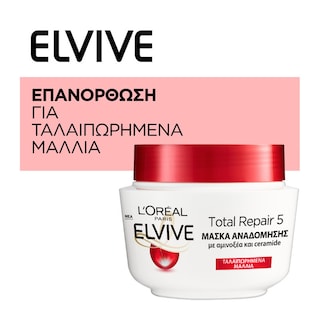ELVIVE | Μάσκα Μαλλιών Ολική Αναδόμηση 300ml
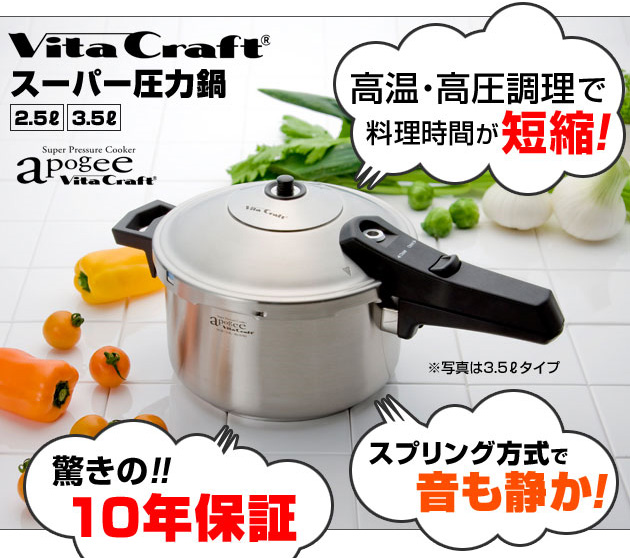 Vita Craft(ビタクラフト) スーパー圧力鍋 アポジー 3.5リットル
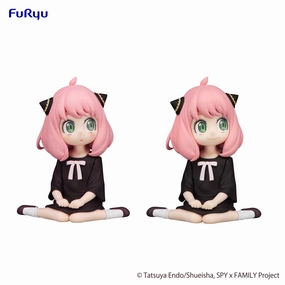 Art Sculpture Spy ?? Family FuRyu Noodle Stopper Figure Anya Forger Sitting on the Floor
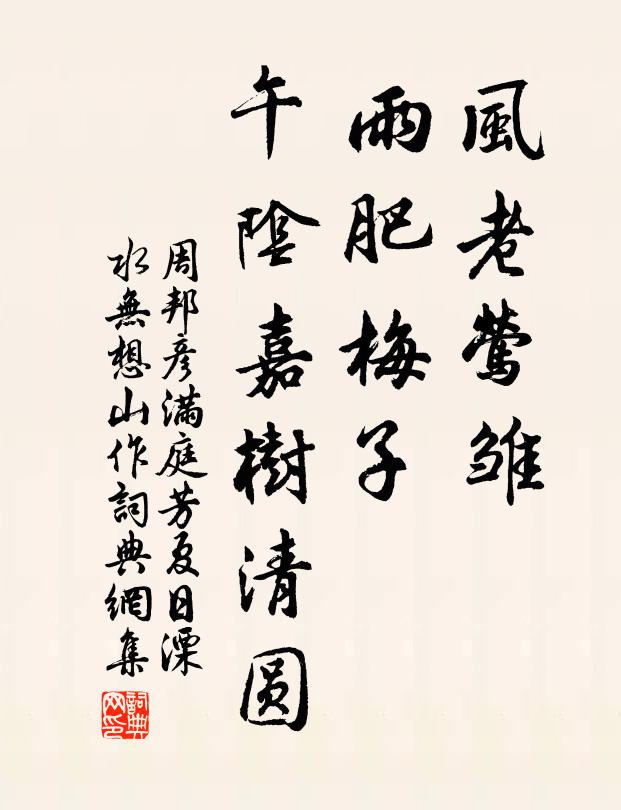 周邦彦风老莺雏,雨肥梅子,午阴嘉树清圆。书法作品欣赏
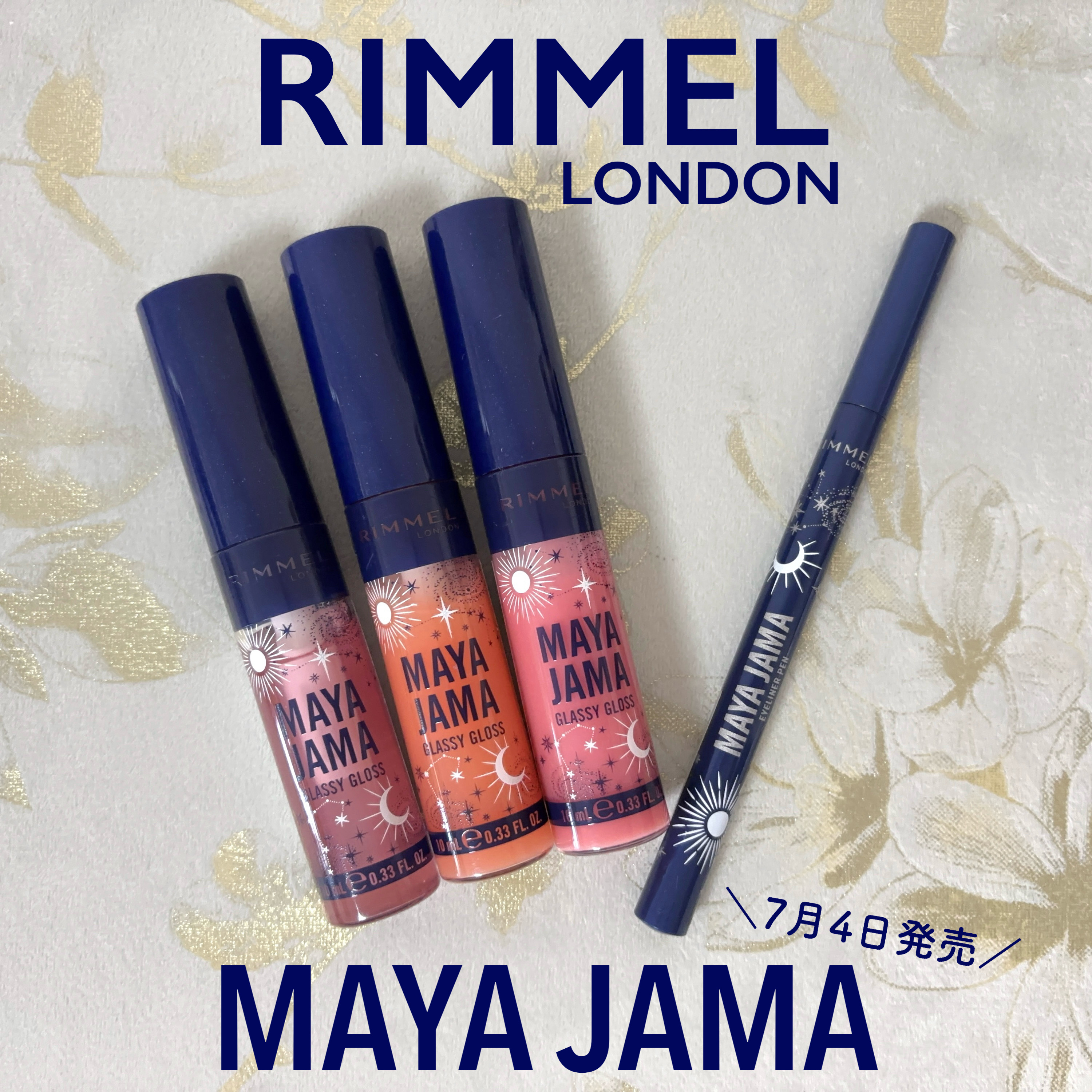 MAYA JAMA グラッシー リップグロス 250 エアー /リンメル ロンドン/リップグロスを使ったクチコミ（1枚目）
============================================================
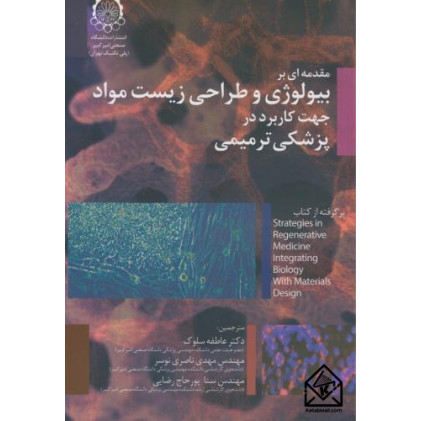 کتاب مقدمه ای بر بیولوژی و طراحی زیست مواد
============================================================
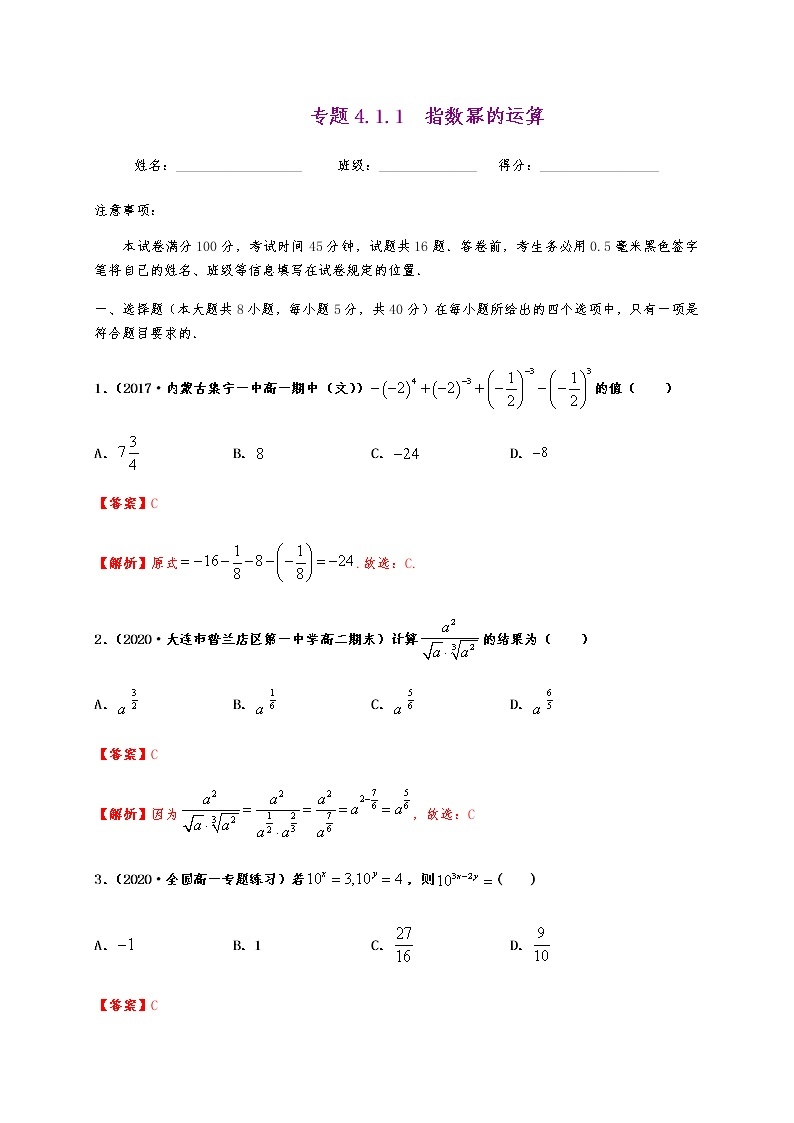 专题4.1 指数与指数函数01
============================================================
YOUR INSTRUCTIONS: Only one part of the listing is wanted: the lines from the one containing "周邦彦风老莺雏,雨肥梅子,午阴嘉树清圆。书法作品欣赏" through the one containing "MAYA JAMA グラッシー", both included. Please transcribe it exactly, leaving out the pictures.

ANSWER TO THIS PROBLEM:
 周邦彦风老莺雏,雨肥梅子,午阴嘉树清圆。书法作品欣赏
 MAYA JAMA グラッシー リップグロス 250 エアー /リンメル ロンドン/リップグロスを使ったクチコミ（1枚目）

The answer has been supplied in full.